[Start of section]

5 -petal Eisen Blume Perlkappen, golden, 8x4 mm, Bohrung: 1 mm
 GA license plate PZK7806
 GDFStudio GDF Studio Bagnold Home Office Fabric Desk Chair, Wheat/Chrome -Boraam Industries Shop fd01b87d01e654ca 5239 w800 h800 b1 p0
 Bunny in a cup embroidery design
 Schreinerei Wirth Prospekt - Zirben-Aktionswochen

[End of section]

> **Requirement**: All of the material above needs repeating. Keep it exact.

> **Answer to the problem**:
5 -petal Eisen Blume Perlkappen, golden, 8x4 mm, Bohrung: 1 mm
 GA license plate PZK7806
 GDFStudio GDF Studio Bagnold Home Office Fabric Desk Chair, Wheat/Chrome -Boraam Industries Shop fd01b87d01e654ca 5239 w800 h800 b1 p0
 Bunny in a cup embroidery design
 Schreinerei Wirth Prospekt - Zirben-Aktionswochen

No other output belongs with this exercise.